Jon and Cathy Cone
Currently living and working in Vermont, Jon Cone is a Master Printer, photographer, developer of technology, and educator. He and his wife Cathy Cone, founded Cone Editions Press (@coneeditions) in Port Chester, NY in 1980. In the 1980s, Cone printed large scale serigraphy, intaglio, monoprint, photogravure, and relief prints in a painterly style in collaboration with several of the abstract expressionist painters of the 2nd Generation of the New York School. He opened Cone Editions Gallery at 560 Broadway in NYC in 1987 to show the publications of their studio including the computer printmaking he began pioneering in 1984. In 1989, the Cones moved to Vermont. By the early 1990s, Cone would develop the first archival inkjet inks and much of the inkjet technology that is taken for granted today. Over a period of more than four decades, Cone has collaborated with painters Norman Bluhm, Stanley Boxer, Wolf Kahn, Willy Heeks, and David Humprey, amongst others. He printed Diana Michener’s “Silence Me” exhibition for Pace/Macgill, Richard Avedon’s last living portfolio the fantastic fable "In Memory of the Late Mr. and Mrs. Comfort", the monumental Ashes and Snow exhibitions that were viewed by more than 13 million people worldwide, David Bowie’s first gallery exhibition, Gordon Park’s “Half Past Autumn” for the Hirschorn Museum, and James Nachtwey’s “Witness to History” exhibition at the Currier Museum. Between and after these have been projects with hundreds of other artists and photographers. At the same time, Cone has shared his technologies with countless other studios and privateers who use the inks, software and methodologies he develops and distributes via his project Inkjetmall. Today, he is revolutionizing the speed and precision of UV exposure systems for alternative printmaking processes.

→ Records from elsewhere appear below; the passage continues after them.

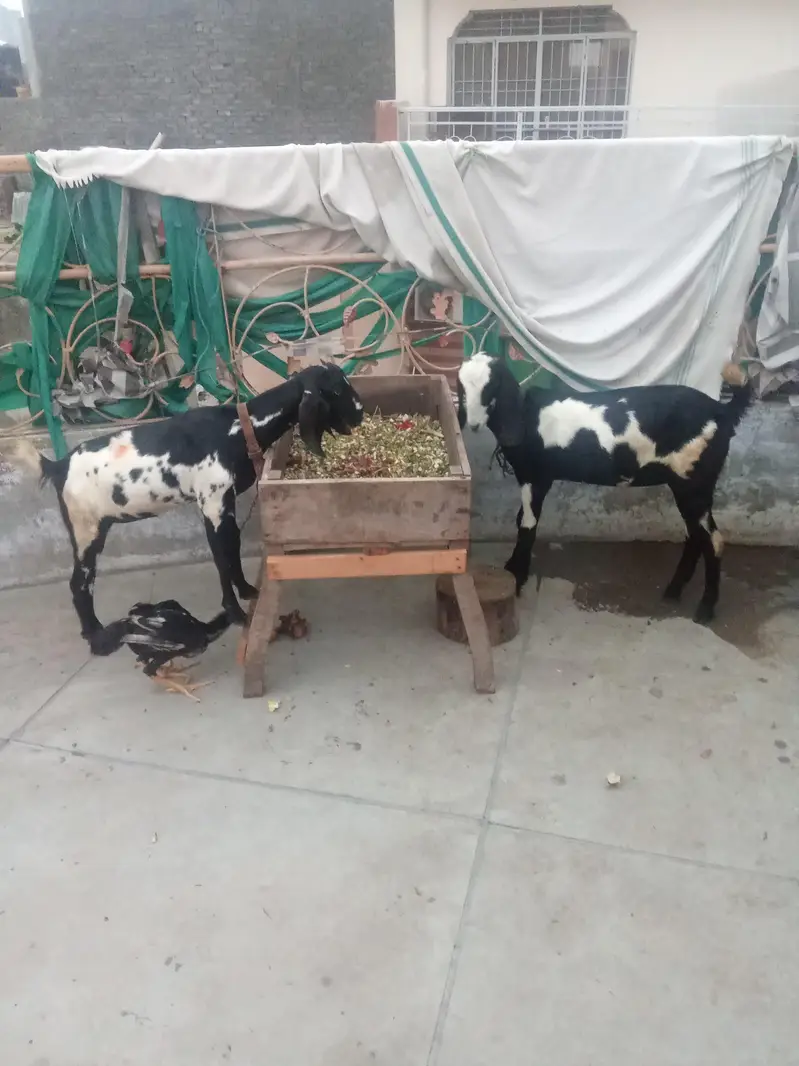 goat 2 female Desi dogli quality breed — photo 2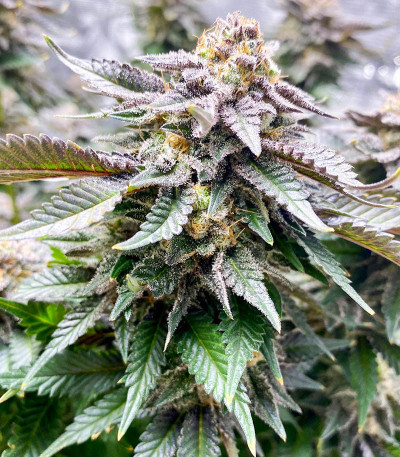 Семена сорта Girl Scout Cookies fem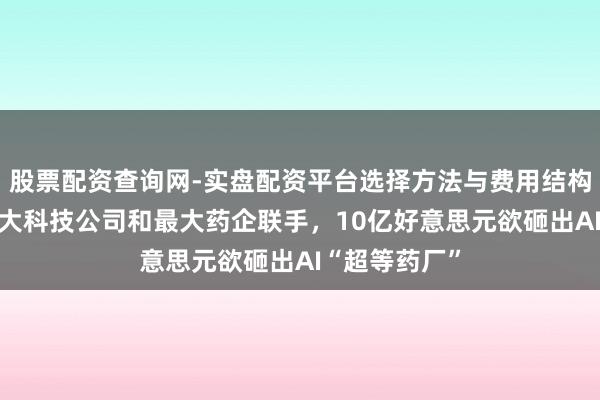 股票配资查询网-实盘配资平台选择方法与费用结构解析 群众最大科技公司和最大药企联手，10亿好意思元欲砸出AI“超等药厂”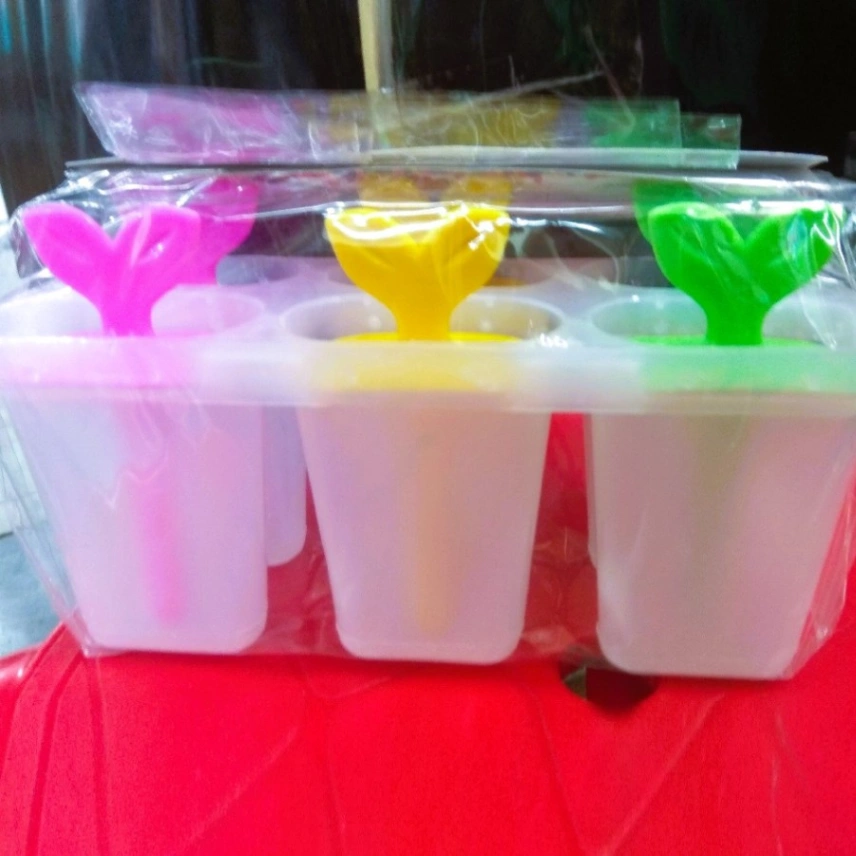 Ice Cream Mold (Oval) Ice Cream Lolly Mold for home use - 6 pcs 2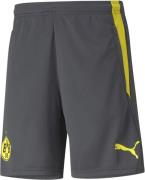 Puma Dortmund Træningsshorts S - Træningsshorts hos Magasin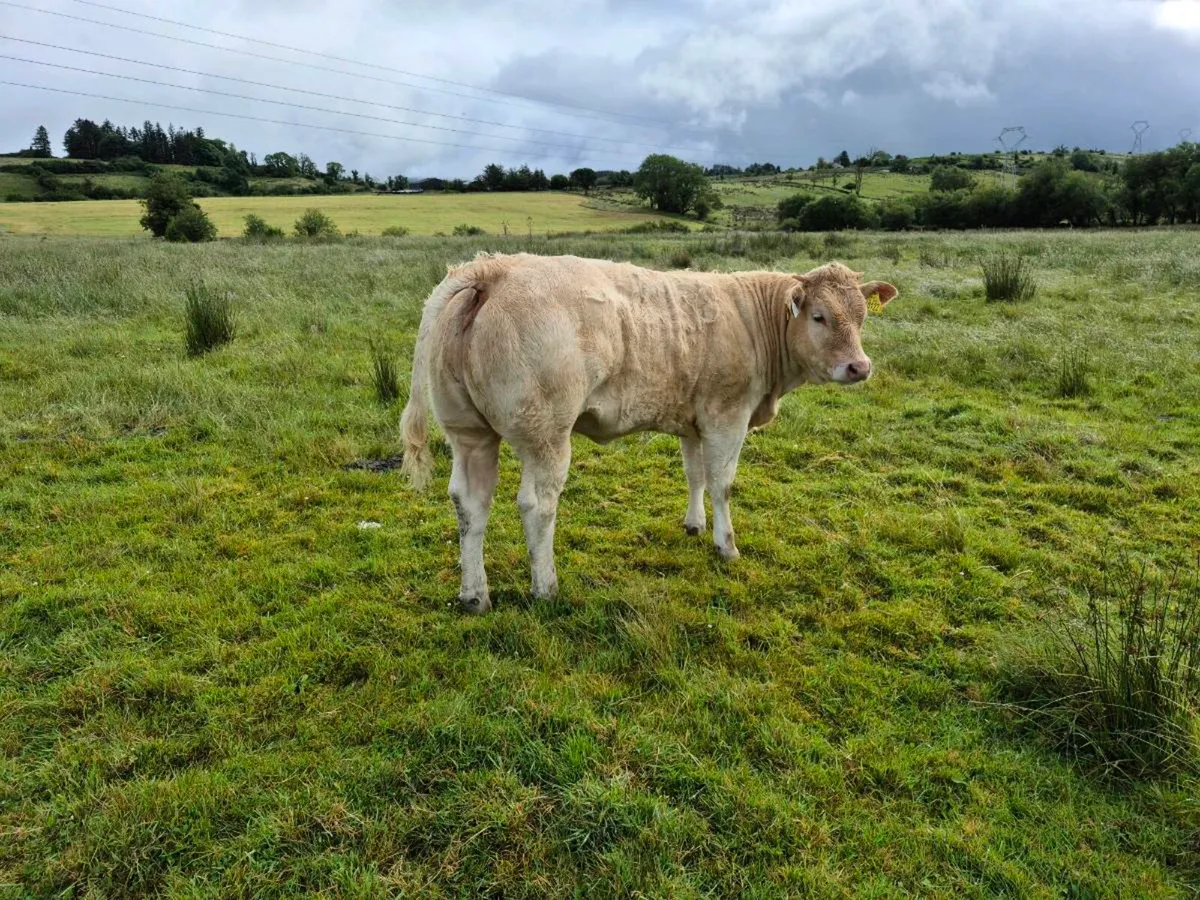 Weanling heifer - Image 3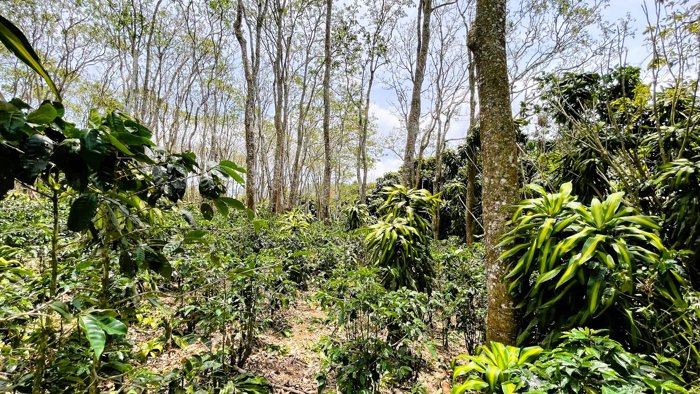 SE VENDE LOTE EN SAN ISIDRO, SAN RAMON in San Ramón, Alajuela — $139,500 - Photo 3 of 19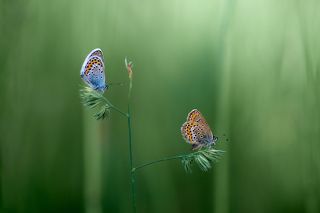 Голубянка Икар и Голубянка Терсит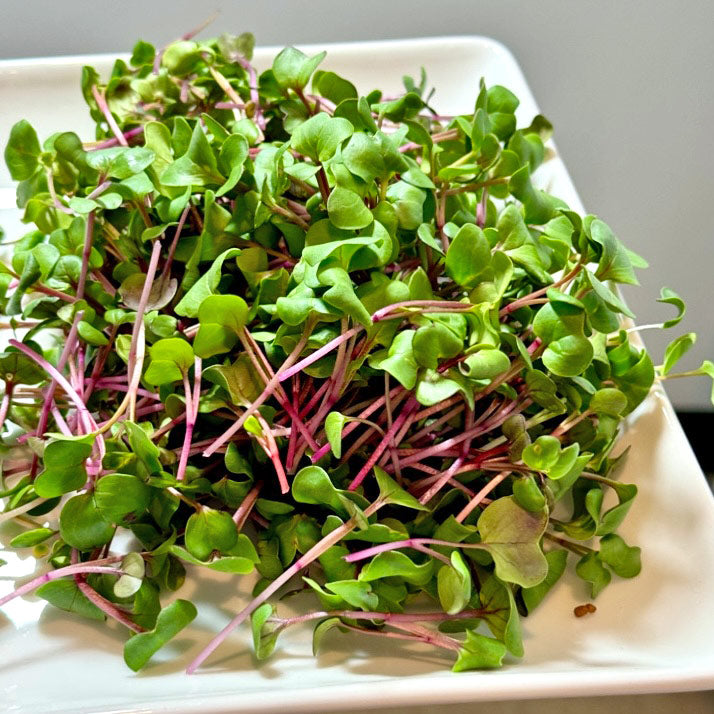 Microgreens Desktop Garden Starter Kit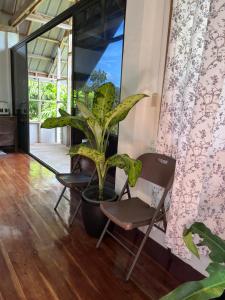 Siquijor Hilltop House Near Cambugahay Falls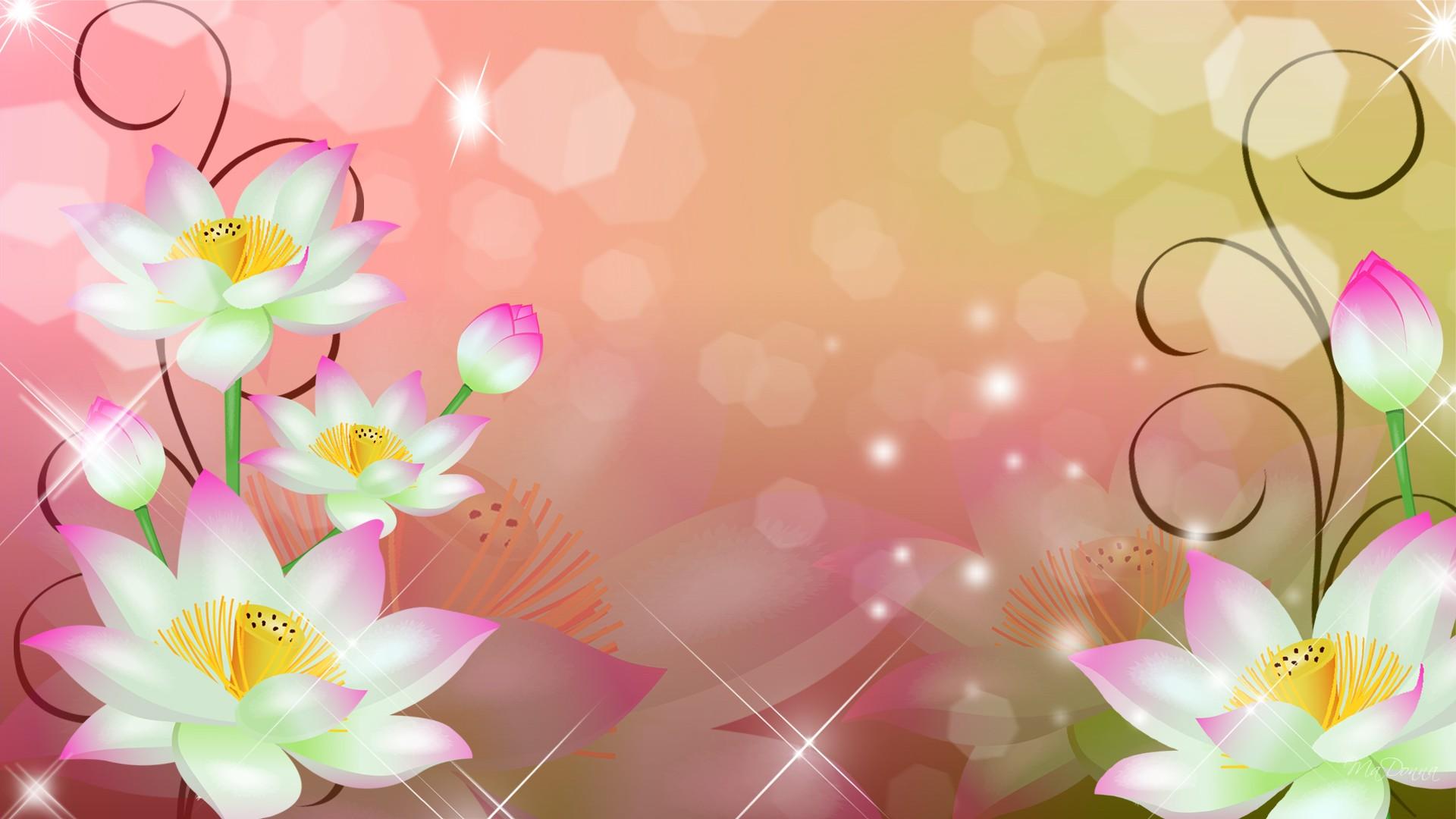 fondos de pantalla y fondos,pétalo,rosado,flor,primavera,frangipani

Cathy Cone is a photographer and painter. Her surrealist approach to photography began in the late 1970’s with the introduction of the "Diana" camera. This led to investigation of experimental techniques towards a multidisciplinary approach to her poetic image making. Cathy received her training at Ohio University, Vermont Studio Center. She received her MFA at the Maine Media College. Some of her exhibitions include Weisman Art Museum, University of Alabama, DeCordova Museum, the Griffin Museum of Photography and the Vermont Center for Photography. Her works are in the collection of IBM, Hallmark Fine Art Collections, American Express, and the Beekman a Thompson Hotel, New York. Cathy with her husband, master printer Jon Cone, founded Cone Editions Press in 1980 in Port Chester, NY as a collaborative printmaking workshop. Cone Editions Press is now located in East Topsham, Vermont where Cathy is director of the Workshops and Studio.
Artist Statement
Jon Cone: Being able to manifest technology has always benefited my printmaking, yet I tend to develop techniques because of inspiration drawn from those I’ve selected to print for or collaborate with. When I see a printing medium or a technique that intrigues me I want to mess with it, change it, and perfect it in order to make it authentically my own. I can flow easily from traditional to digital and I see every technology no matter how crude or advanced with similar curiosity and complexity. My entire nature is about discovery and invention or re-invention. My biggest joy however, is in witnessing the birth of a print project that started without any firm idea or direction.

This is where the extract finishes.